Appendix D: The Replication Crisis Timeline
Key events in the discovery, investigation, and reform of psychology's methodological problems.
| Year | Event | Significance |
|---|---|---|
| 1979 | Rosenthal coins "file drawer problem" | First identification of publication bias |
| 1998 | Baumeister publishes ego depletion study | Launches a 200+ study program that later fails to replicate |
| 2005 | Ioannidis: "Why Most Published Research Findings Are False" | Meta-science paper (not psychology-specific) raising alarm about false positive rates |
| 2008 | Pashler et al. review learning styles | Concludes no adequate evidence for the meshing hypothesis |
| 2010 | Bem submits precognition paper to JPSP | Uses standard methods to find "evidence" for psychic powers |
| 2011 | Bem publishes "Feeling the Future" | The paper that catalyzed the crisis — standard methods producing impossible results |
| 2011 | Simmons, Nelson, & Simonsohn: "False-positive psychology" | Demonstrates how flexible analysis produces evidence for anything (Beatles song making you younger) |
| 2011 | Diederik Stapel fraud revealed | Prominent social psychologist fabricated data across dozens of papers |
| 2012 | Doyen et al. fail to replicate elderly priming | First high-profile replication failure of a landmark social psychology finding |
| 2012 | Nosek founds Center for Open Science | Infrastructure for pre-registration and open science practices |
| 2013 | Open Science Framework (OSF) launches | Platform for pre-registration and open data |
| 2013 | Shanks et al.: 9 experiments failing to replicate professor priming | Systematic dismantling of social priming |
| 2014 | Carter & McCullough: ego depletion publication bias | Meta-analysis showing the ego depletion literature was inflated by bias |
| 2014 | Ranehill et al. fail to replicate power posing | 200-participant study finds no hormonal effects |
| 2015 | Open Science Collaboration: "Estimating the reproducibility" | Only 36% of 100 tested findings replicate — the landmark paper |
| 2015 | Many Labs 1 published | Large-scale multi-lab replication of 13 classic findings; some replicate, some don't |
| 2016 | Hagger et al.: ego depletion RRR | 23 labs, 2,141 participants, d = 0.04 — the flagship finding collapses |
| 2016 | Carney publicly retracts support for power posing | First author of original paper says she no longer believes the effect is real |
| 2016 | FTC fines Lumosity $2 million | Federal action against brain training claims |
| 2017 | Many Labs 2 published | 28 findings tested; roughly half replicate |
| 2018 | Watts, Duncan, & Quan: marshmallow test replication | Effect substantially reduced when controlling for SES |
| 2018 | Sisk et al.: growth mindset meta-analyses | Small effects (r = 0.10; intervention d = 0.08) |
| 2019 | Yeager et al.: national growth mindset study | d = 0.03 overall — published in Nature |
| 2019 | Many Labs 5 published | Replication rate continues to show substantial non-replication |
| 2020s | Pre-registration becomes increasingly standard | New studies are more often pre-registered, improving reliability |
| 2022 | Moncrieff et al.: serotonin hypothesis umbrella review | No consistent evidence for the serotonin theory of depression |
| 2023+ | Registered Reports adopted by 300+ journals | The reform movement reaches critical mass |
What the Timeline Shows
Phase 1 (1979–2010): The Problem Accumulates. Publication bias, small samples, and flexible analysis produce a literature that overrepresents positive findings.

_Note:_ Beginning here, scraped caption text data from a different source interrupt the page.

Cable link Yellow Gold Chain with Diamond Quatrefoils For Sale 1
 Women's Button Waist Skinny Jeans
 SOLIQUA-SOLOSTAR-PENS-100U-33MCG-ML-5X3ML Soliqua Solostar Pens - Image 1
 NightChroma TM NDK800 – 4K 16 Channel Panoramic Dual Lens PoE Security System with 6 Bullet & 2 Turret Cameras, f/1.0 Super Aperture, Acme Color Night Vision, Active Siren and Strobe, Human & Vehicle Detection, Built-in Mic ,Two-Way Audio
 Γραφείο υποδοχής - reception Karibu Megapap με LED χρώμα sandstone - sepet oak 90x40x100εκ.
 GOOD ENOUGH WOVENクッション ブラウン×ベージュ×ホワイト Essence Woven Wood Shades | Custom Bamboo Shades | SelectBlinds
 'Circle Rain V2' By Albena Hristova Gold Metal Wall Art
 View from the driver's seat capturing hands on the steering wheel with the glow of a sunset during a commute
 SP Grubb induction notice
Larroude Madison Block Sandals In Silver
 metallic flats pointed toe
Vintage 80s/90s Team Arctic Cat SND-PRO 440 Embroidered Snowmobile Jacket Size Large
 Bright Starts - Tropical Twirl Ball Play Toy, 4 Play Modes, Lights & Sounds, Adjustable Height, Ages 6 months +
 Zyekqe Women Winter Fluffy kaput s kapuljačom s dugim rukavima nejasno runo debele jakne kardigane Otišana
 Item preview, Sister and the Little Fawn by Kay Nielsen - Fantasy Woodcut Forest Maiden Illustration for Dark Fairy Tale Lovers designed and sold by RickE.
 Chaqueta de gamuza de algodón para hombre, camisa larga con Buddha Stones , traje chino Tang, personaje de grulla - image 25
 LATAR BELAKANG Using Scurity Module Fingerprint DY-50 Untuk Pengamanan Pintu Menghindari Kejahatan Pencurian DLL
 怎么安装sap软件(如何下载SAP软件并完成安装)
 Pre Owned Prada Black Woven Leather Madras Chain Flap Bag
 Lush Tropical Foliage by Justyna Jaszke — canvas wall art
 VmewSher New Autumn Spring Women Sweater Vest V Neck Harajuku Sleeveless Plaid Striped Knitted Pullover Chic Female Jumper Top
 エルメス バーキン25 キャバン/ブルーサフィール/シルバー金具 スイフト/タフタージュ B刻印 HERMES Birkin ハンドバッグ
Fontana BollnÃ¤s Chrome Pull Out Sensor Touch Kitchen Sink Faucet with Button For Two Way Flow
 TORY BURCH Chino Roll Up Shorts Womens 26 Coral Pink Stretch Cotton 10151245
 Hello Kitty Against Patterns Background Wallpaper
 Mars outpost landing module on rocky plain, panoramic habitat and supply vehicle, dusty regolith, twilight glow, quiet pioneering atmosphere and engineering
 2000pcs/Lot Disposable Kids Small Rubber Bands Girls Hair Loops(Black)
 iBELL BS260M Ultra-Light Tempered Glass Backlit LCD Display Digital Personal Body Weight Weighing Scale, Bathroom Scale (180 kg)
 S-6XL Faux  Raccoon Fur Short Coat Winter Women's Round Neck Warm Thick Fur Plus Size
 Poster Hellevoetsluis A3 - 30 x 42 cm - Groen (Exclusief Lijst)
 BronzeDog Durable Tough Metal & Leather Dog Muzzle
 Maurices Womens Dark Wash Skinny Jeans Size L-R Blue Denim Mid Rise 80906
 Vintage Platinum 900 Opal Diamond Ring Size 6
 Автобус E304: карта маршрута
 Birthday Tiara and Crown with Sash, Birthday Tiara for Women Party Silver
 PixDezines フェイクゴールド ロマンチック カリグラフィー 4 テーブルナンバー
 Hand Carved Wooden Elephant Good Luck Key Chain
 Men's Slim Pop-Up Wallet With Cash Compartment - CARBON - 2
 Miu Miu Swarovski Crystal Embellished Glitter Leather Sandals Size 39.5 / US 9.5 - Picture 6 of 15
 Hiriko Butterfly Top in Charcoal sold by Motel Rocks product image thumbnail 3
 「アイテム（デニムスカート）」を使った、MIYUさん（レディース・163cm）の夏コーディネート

Phase 2 (2011–2015): The Crisis Erupts. Bem's paper, the Stapel fraud, and the OSC replication project reveal the scale of the problem.
Phase 3 (2016–present): Reform and Recovery. Pre-registration, Registered Reports, open data, and large-scale replications become standard. The field is producing more reliable new knowledge while reckoning with the unreliability of the legacy literature.
The crisis is not over. The legacy literature remains biased. But the direction is clearly toward better methods and more reliable science.